My parents, Martha Ellison and Paul Denetclaw, and my mentor Roberta Rael speak frankly about topics others aren’t willing to touch. So, I was prompted to confront the shakiness of my own voice.
After joining GJ, I realized that I hesitated when called an activist or with having my work associated with activism. I justified this feeling by saying I was honoring what it means to be an activist. This was a lie I told myself because the truth made me far more uncomfortable.
I still fear rejection from institutions of journalism. I feel it breathing down my back, waiting for me to give into mainstream values. I hear it scoffing at my ambition; tossing my journalism aside. I’m up against a world that doesn’t want me as I am—conscious and critical. They want a beautiful, little Pocahontas to preach diversity without confronting white privilege. I’m not this person nor could I ever be.
I have realized I’m too conscious for this field and it scares the set establishment. It wants journalists who believe in the status quo and make excuses for oppression. It wants journalists so disconnected from the community, they can’t see the injustice.

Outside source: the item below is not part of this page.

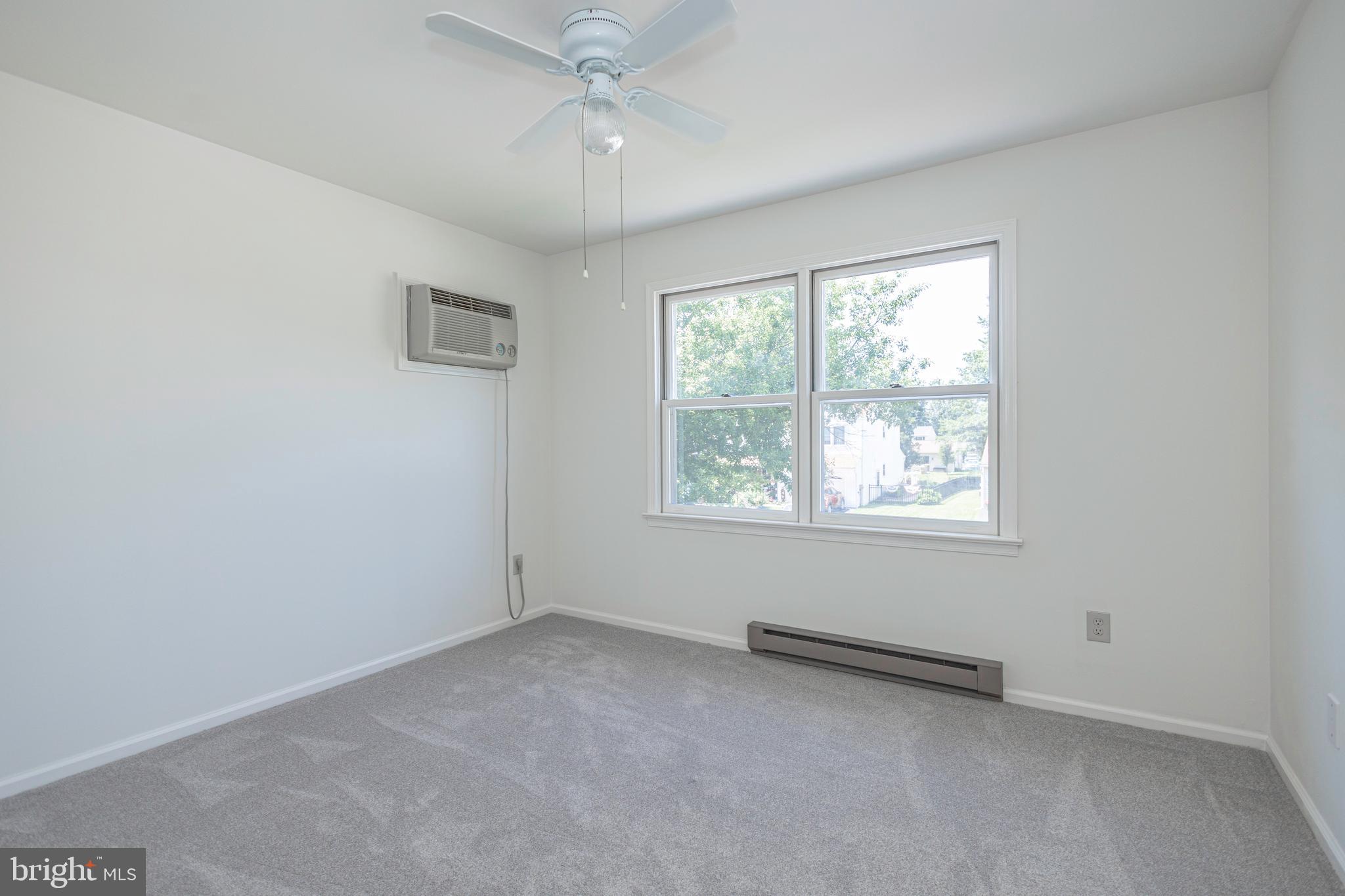 STERLING KNOLL - Residential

There’s a systemic reason why journalists of color make up such a small percentage of newsrooms. We live and breathe oppression. Most, like myself, see firsthand the problems and injustices in our own community. Many of us fight these issues with our pens. But the world looks at us and screams “activist” or “biased” to discredit our community’s experiences.

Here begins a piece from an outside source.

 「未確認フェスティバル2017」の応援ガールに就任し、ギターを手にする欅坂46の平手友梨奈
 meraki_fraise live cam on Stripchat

It’s for all these reasons that journalists of color make up only 11.8 percent of radio newsrooms according to a study by Juan Gonzales and Joseph Torres. I’m proudly part of that 11.8 percent. I love my community so much that I’ll fight to tell our stories and truth. These stories are so important and beautiful yet completely ignored by mainstream media. I can’t let them slip and fade. These stories guide our community forward and remind us who we are.
So, I’ll tackle every obstacle and I will reject journalism’s classification of my work. My articles are not biased. They are not false. The stories I write speak truth that make people uncomfortable. But being uncomfortable doesn’t equal lies.
My journey is just beginning but I walk forward with the wisdom from my elders, the love of my community and the encouragement of my family.